Après une année riche en événements mais positive pour la dette émergente, 2026 s’annonce plus lisible. De quoi renforcer l’attractivité de cette classe d’actifs, qui profite des nouvelles conditions monétaires américaines, explique Romain Lacoste, gérant du fonds Emerging Market Corporate Bonds, chez Axiom Alternative Investments.
Que retenez-vous de 2025 sur la dette émergente ?
L’année a été bonne pour la dette émergente en dollar. Les annonces tarifaires de Donald Trump ont certes créé de la volatilité en avril, mais les primes de risque sont restées remarquablement stables sur l’année. Sur le high yield corporate émergent, elles sont passées de 375 points de base en début d’année à près de 380 actuellement. La baisse des taux américains a créé un soutien clair pour les obligations en dollar, à la différence de l’Europe, où la détente a été plus limitée. Dans cette configuration de marché, le principal catalyseur reste le portage. Quant à l’indice de crédit émergent corporate en euros, il a progressé de 6,1 % depuis le début de l’année.
Le contexte sera-t-il toujours porteur en 2026 ?
Le point de départ est positif, car plus lisible que le début de l’année dernière. Nous pourrions certes avoir encore des effets d’annonces tarifaires des Etats-Unis, mais sans changement majeur de paradigme. La croissance devrait rester proche de ses niveaux de 2025 : environ 4 % en Asie, avec un dynamisme de l’Inde et de l’Asie du Sud-Est, et 2,5 % en Amérique latine.
L’environnement de taux américains, favorable aux émergents, va demeurer un facteur de soutien. La banque centrale américaine a réalisé deux baisses de taux au second semestre 2025 et le dollar s’est globalement déprécié au cours de l’année. Des conditions idéales pour les émergents, leurs banques centrales et leurs entreprises : leurs coûts de financement diminuent et le poids de leur dette en dollar pèse moins sur les bilans. Les banques centrales de plusieurs pays d’Amérique latine, comme le Brésil et le Mexique, ont maintenu des taux directeurs très élevés, pour empêcher la fuite de capitaux. Si les Etats-Unis poursuivent leur trajectoire de baisse de taux, cela leur offrira la latitude nécessaire pour abaisser les leurs, et ainsi soutenir l’activité domestique.
La classe d’actifs bénéficie aussi d’un momentum favorable : après de fortes sorties de capitaux en 2023 et 2024 et une collecte modeste en 2025, les investisseurs y sont sous-pondérés. Un recul des taux dans les pays développés et une quête de rendement pourraient relancer les flux vers la dette émergente.
Les valorisations sont-elles suffisamment intéressantes pour justifier cet attrait ?
Les spreads sont sous les moyennes historiques, mais cohérents avec les fondamentaux. Le levier d’endettement des entreprises est peu élevé, environ 2,7 fois l’Ebitda, comparable à 2019. La situation est également solide sur les souverains, sans risque de défaut imminent de la part d’un Etat. L’Argentine et la Turquie, notamment, semblent revenir sur des trajectoires plus orthodoxes.
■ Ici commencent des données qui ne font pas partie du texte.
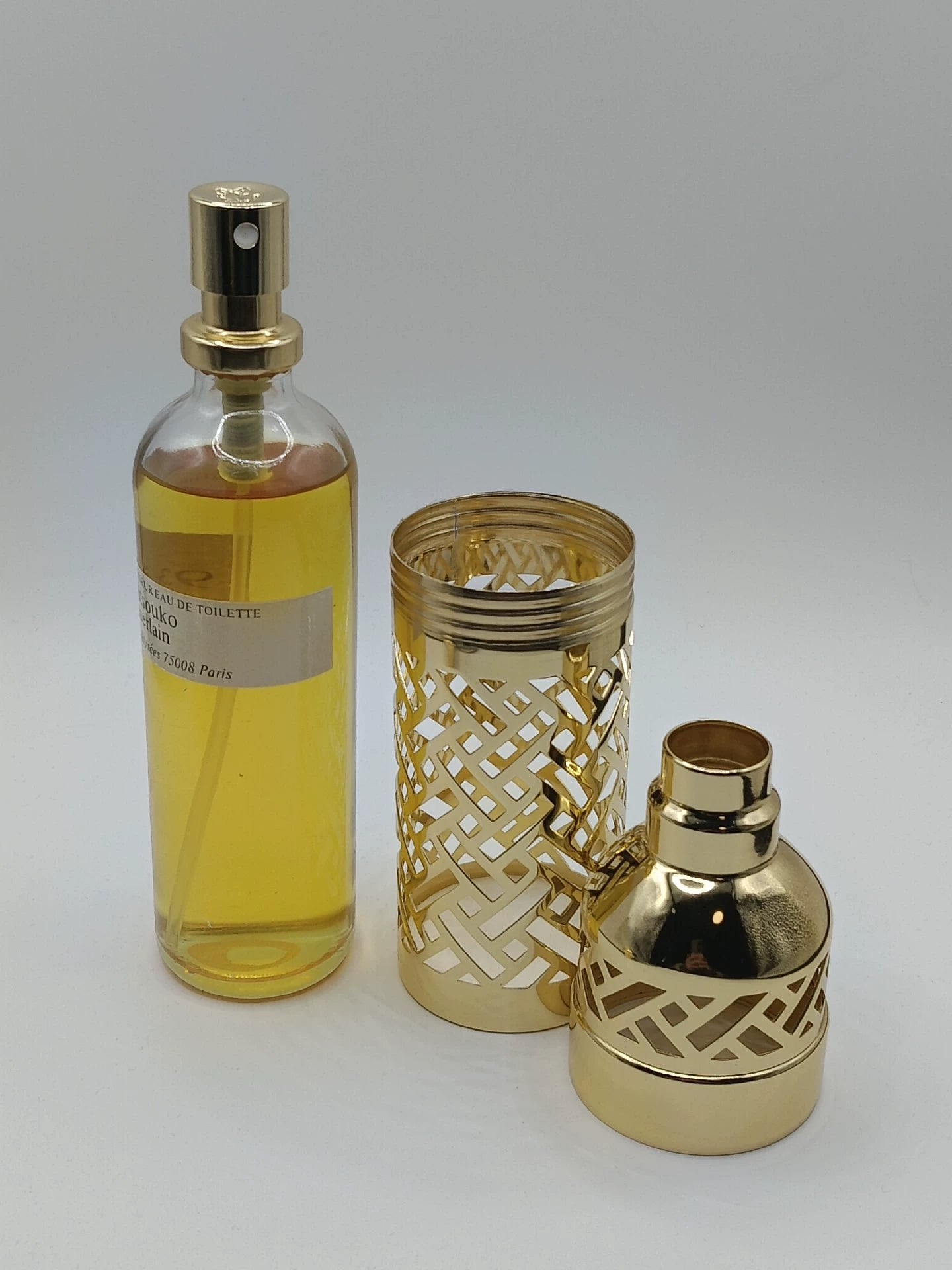 060626-95 Guerlain Edition Madame Butterfly EDT 93ml 3.1 oz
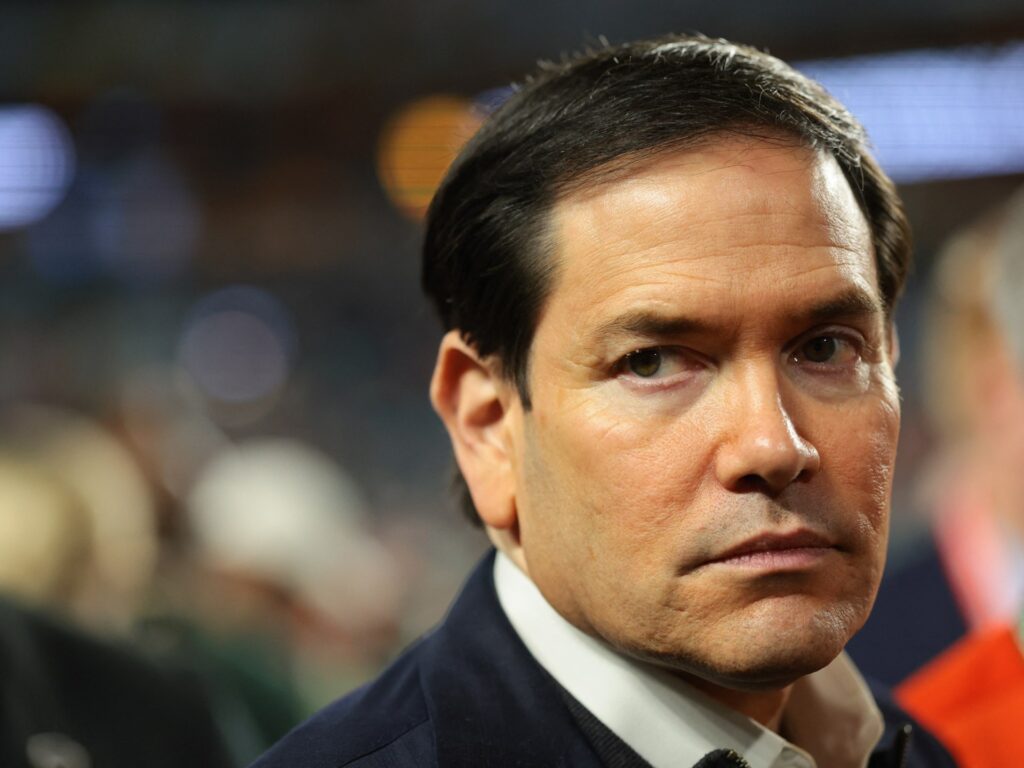 US State Secretary Rubio speaks to Iraqi PM amid tensions with Iran US State Secretary Rubio speaks to Iraqi PM amid tensions with Iran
La situation est également solide du côté des entreprises, qui ont émis d’importants volumes obligataires depuis un an et demi ; peu d’échéances sont donc attendues au cours des deux ans à venir. Le taux de défaut devrait se limiter à 3 % sur le segment high yield, en dessous de la moyenne historique. Ces conditions devraient limiter un possible écartement des spreads et la performance devrait encore bénéficier du portage.
Quelle stratégie adopter pour se positionner sur la dette émergente ?
Il faut prendre en compte la situation très hétérogène des émergents, et le fait qu’il pourrait y avoir des épisodes de stress, liés à des événements macroéconomiques ou géopolitiques. Cela constitue un risque, mais aussi des points d’entrée. Le contexte est donc propice à la gestion active capable d’arbitrer rapidement entre les pays et les secteurs.
En valeur relative, l’Amérique latine est actuellement la zone la plus attractive. Les primes de risque y sont plus élevées qu’en Asie et certaines signatures se traitent au-dessus des niveaux historiques, comme en Colombie ou au Brésil. Ce dernier est d’autant plus intéressant qu’il profite d’une grande profondeur de marché et est peu dépendant du commerce avec les Etats-Unis. En Colombie, le scénario d’un retour au pouvoir d’un gouvernement pro-marché pourrait déclencher une contraction des spreads sur le souverain et le corporate. Il faut également se montrer opportuniste au sein de l’univers, large, des émergents, y compris parmi les nouveaux émetteurs qui arrivent avec une prime supplémentaire par rapport aux émetteurs de profil de crédit similaire, ou de certaines poches européennes, notamment à l’Est. L’année qui s’ouvre sera un terrain favorable pour capter les asymétries de valorisation, dans une classe d’actifs où la dispersion est structurellement élevée.